*What the task asks*:
Give an exact copy of the lines of the records below, starting at the line containing "placard at pride" and running to the end.

[Data extracted from a collection]
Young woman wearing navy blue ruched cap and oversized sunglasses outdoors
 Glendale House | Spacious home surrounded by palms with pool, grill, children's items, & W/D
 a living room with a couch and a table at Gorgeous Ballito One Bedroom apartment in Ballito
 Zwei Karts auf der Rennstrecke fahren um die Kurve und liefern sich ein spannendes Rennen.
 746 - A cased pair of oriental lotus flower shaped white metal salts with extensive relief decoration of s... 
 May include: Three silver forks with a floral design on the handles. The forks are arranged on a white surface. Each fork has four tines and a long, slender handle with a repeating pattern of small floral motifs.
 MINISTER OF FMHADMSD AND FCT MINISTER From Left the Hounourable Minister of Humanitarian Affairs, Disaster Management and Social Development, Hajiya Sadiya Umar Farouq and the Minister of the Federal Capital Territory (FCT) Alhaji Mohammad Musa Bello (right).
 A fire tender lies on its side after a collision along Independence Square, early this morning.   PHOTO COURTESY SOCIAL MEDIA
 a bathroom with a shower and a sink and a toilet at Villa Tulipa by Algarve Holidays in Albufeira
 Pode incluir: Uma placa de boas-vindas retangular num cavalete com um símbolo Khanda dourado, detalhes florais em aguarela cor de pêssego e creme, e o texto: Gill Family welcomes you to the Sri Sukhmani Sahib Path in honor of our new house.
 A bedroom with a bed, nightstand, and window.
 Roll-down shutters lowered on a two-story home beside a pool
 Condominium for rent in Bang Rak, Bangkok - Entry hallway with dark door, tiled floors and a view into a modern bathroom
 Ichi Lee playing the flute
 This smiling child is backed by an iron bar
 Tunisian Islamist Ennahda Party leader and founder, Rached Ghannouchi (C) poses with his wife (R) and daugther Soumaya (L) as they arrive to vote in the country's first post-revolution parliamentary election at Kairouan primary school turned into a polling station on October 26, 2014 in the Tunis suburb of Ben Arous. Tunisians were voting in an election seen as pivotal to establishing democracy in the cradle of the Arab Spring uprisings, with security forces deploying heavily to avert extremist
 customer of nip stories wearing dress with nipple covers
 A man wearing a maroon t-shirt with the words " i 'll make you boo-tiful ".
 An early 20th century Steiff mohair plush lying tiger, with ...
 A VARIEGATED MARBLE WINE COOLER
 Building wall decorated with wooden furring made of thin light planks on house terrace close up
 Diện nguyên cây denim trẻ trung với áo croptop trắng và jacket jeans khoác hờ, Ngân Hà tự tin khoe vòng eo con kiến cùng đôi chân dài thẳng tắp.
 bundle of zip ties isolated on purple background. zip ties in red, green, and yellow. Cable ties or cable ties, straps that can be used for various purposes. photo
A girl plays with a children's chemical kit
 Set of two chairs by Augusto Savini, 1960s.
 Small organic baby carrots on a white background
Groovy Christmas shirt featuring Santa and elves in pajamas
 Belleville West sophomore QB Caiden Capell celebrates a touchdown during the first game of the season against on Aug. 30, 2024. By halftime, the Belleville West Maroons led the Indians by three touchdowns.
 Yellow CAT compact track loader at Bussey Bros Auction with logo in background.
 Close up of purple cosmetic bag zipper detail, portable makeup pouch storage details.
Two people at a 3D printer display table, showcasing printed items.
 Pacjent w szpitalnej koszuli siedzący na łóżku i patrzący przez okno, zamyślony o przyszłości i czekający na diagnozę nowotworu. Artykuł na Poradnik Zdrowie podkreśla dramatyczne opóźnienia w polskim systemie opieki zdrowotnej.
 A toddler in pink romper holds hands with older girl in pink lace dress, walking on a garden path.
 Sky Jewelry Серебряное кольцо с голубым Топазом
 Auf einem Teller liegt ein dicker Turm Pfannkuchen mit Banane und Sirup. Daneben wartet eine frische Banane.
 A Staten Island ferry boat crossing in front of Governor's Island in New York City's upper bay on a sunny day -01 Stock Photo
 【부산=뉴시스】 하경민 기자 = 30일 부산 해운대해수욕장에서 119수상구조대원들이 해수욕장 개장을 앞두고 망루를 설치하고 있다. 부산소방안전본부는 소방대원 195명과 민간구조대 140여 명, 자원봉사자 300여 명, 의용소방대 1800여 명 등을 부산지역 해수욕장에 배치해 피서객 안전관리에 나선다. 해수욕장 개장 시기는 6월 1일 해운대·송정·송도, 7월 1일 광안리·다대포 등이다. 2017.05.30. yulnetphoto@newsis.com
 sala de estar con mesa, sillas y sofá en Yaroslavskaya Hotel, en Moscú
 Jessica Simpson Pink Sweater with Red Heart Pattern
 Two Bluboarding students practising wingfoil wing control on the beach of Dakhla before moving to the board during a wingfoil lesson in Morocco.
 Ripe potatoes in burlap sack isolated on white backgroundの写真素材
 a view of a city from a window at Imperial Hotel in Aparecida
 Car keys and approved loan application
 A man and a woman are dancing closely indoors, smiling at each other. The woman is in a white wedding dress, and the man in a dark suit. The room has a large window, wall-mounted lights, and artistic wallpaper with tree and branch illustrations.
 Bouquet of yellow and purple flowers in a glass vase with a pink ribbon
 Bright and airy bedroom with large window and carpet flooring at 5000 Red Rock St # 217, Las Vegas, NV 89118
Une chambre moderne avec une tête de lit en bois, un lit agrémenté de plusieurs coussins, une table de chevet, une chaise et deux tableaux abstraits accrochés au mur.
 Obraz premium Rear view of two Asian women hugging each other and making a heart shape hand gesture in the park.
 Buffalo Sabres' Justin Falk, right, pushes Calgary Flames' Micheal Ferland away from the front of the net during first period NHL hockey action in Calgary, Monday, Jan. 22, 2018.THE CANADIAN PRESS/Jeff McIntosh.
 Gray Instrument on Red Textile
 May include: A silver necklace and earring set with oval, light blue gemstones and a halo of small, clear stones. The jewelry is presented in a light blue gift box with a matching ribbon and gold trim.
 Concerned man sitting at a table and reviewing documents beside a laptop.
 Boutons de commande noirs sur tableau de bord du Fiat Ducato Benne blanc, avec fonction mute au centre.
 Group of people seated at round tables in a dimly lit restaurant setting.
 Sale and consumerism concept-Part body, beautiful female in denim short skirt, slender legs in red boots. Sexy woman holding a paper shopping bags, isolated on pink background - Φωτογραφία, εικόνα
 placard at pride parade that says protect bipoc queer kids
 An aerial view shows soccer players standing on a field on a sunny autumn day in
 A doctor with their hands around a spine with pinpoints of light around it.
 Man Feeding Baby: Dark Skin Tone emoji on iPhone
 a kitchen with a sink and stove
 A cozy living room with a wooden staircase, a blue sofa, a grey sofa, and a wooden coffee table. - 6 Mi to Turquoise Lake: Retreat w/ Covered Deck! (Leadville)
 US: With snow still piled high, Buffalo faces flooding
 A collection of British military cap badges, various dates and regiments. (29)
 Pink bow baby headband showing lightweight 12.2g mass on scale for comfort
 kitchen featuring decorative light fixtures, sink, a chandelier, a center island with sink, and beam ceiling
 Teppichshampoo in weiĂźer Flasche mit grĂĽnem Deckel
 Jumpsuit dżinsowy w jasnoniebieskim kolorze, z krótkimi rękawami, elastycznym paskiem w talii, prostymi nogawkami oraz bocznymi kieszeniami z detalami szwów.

*Exercise solution*:
 placard at pride parade that says protect bipoc queer kids
 An aerial view shows soccer players standing on a field on a sunny autumn day in
 A doctor with their hands around a spine with pinpoints of light around it.
 Man Feeding Baby: Dark Skin Tone emoji on iPhone
 a kitchen with a sink and stove
 A cozy living room with a wooden staircase, a blue sofa, a grey sofa, and a wooden coffee table. - 6 Mi to Turquoise Lake: Retreat w/ Covered Deck! (Leadville)
 US: With snow still piled high, Buffalo faces flooding
 A collection of British military cap badges, various dates and regiments. (29)
 Pink bow baby headband showing lightweight 12.2g mass on scale for comfort
 kitchen featuring decorative light fixtures, sink, a chandelier, a center island with sink, and beam ceiling
 Teppichshampoo in weiĂźer Flasche mit grĂĽnem Deckel
 Jumpsuit dżinsowy w jasnoniebieskim kolorze, z krótkimi rękawami, elastycznym paskiem w talii, prostymi nogawkami oraz bocznymi kieszeniami z detalami szwów.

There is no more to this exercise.